A Roland character still shines through: during the review I turned into a synthwave and ’80s film soundtrack factory.
The SH‑4d is a clever idea. Roland have taken core parts of the modern Jupiters, like the Xm, and packaged them into a sexy desktop synth‑cum‑groovebox. Most significantly, they’ve simplified everything so that synth and drum programming is fast and hands‑on, with minimal menu diving. Sonically there’s a lot to get your teeth into: a couple of versatile virtual analogue polys, those classic 101 and 106 modes, FM, wavetable, PCM and several other unusual and interesting engines to explore. Even with these diverse elements, a Roland character still shines through: during the review I turned into a synthwave and ’80s film soundtrack factory.
The sequencing is powerful, if not as well spec’ed as Roland’s dedicated grooveboxes and drum machines. The lack of unquantised sequencing is probably why my results naturally steered toward synth‑pop and dance and away from, say, hip‑hop or lo‑fi. I had some other gripes around sticky workflows, but Roland have a good track record for tidying things up over time.
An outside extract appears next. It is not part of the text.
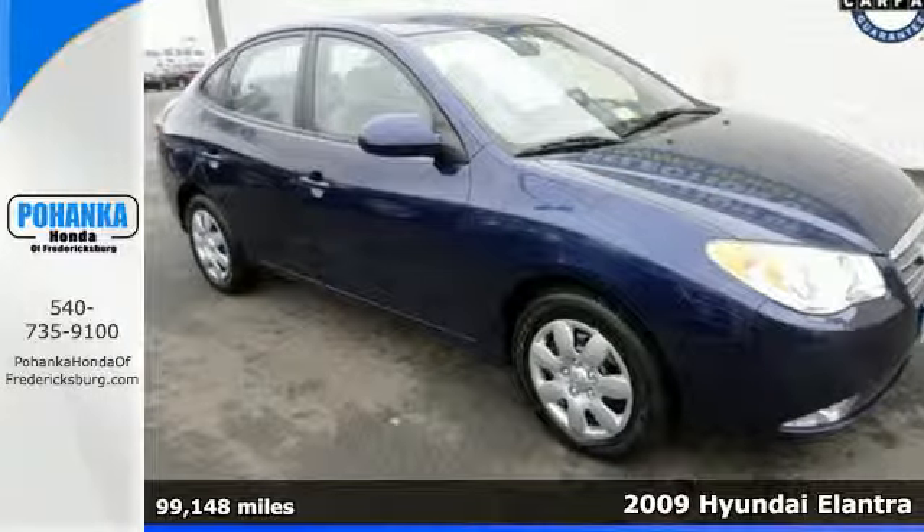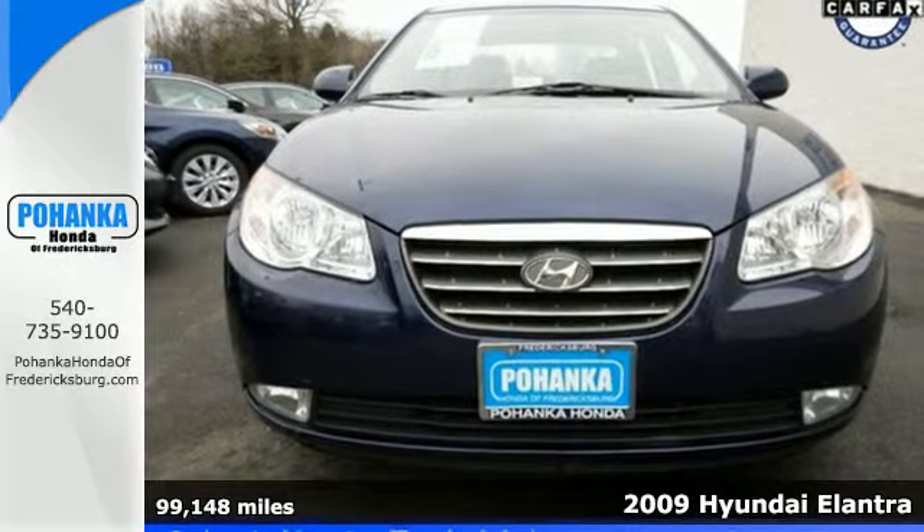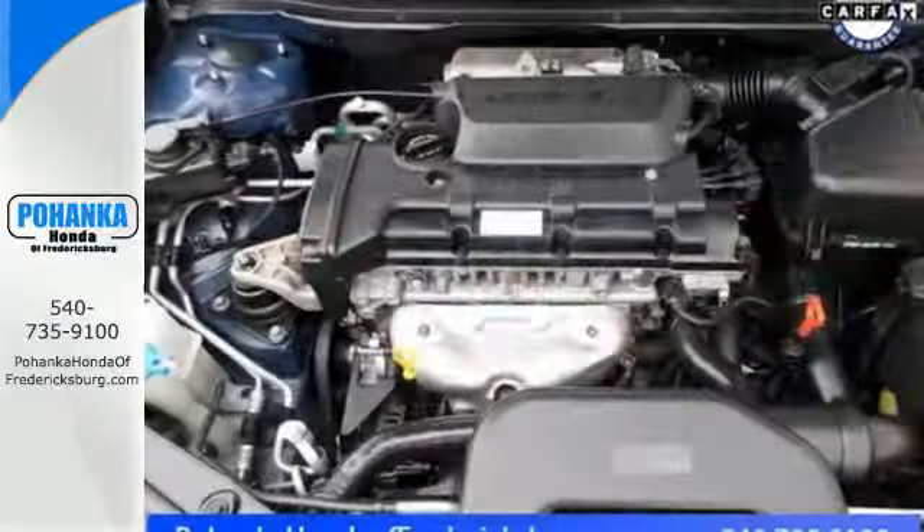It's a 2009 Hyundai Elantra. Standard features include a tire pressure monitor, one-touch power windows, power exterior mirrors, air conditioning, and a CD audio system.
It’s great to see Roland playing with a lot of new ideas here, and while not all land, the SH‑4d has turned out to be a great little synth that could fill a number of roles. I really enjoyed using it both as a portable synth sketchpad on my lap and a multi‑timbral synth module connected to my master keyboard. It could also make a good companion to a laptop, taking advantage of the USB audio and MIDI connectivity to serve as sound module, MIDI controller and audio interface.
Synths In The Box
- SH‑4d: A general‑purpose, four oscillator polysynth with multiple oscillator modes including a supersaw.
- SH‑3D: Swaps one of the oscillators for an extra LFO.
- SYNC: Dual‑oscillator sync with variable waveform and envelope mod.
- SH‑101: Classic Roland sound with slider interface that mixes the wave shapes.
- JUNO‑106: This one picks LFO and PWM for the sliders, relegating oscillator mix to on/off via the buttons, which seems a strange choice, but it still sounds fantastic, especially when paired with the Juno chorus effect.
- CROSS FM: Two‑oscillator FM engine with multiple wave shapes, PWM and a mod envelope.
- RING: Fascinating ring‑mod‑based synth with extra cross‑mod, wave‑shaping and source mixing.
- WAVETABLE: Simple but really useful wavetable synth, with 32 tables and manual, LFO and envelope position mod.
- CHORD: Choose from a range of chords and voicings. With a bit of fiddling you can sequence different progressions.
- DRAWING: Create custom waveforms with a combination of encoder and slider control.
- PCM: Blend up to four PCM sample‑based waves for classic Roland sound module vibes.
In Favour Of D‑Motion?
One of the quirky features of the SH‑4d, along with the Visual Arpeggio, is the D‑Motion modulation controller. This uses an internal accelerometer to translate pitch and roll tilting of the unit into modulation. This is not an inherently bad idea — for example, the motion mod on the OP‑1 is excellent, being so sensitive and responsive that you can achieve aftertouch levels of expressiveness with it. Not so here. Despite fiddling with the Gravity and Sensitivity settings on the SH‑4d it’s slow and clumsy and I couldn’t get any useful results. A regular mod touchstrip would have been way better.
- Four multi‑mode polysynths in one compact unit.
- And a drum machine.
- Multi‑channel USB audio.
- No Step Loop or Scatter effects.
- No unquantised recording or micro‑timing.
- Some operations, like saving, are clumsy.
More knobs and fewer menus! A great‑sounding portable synth workstation with loads to explore.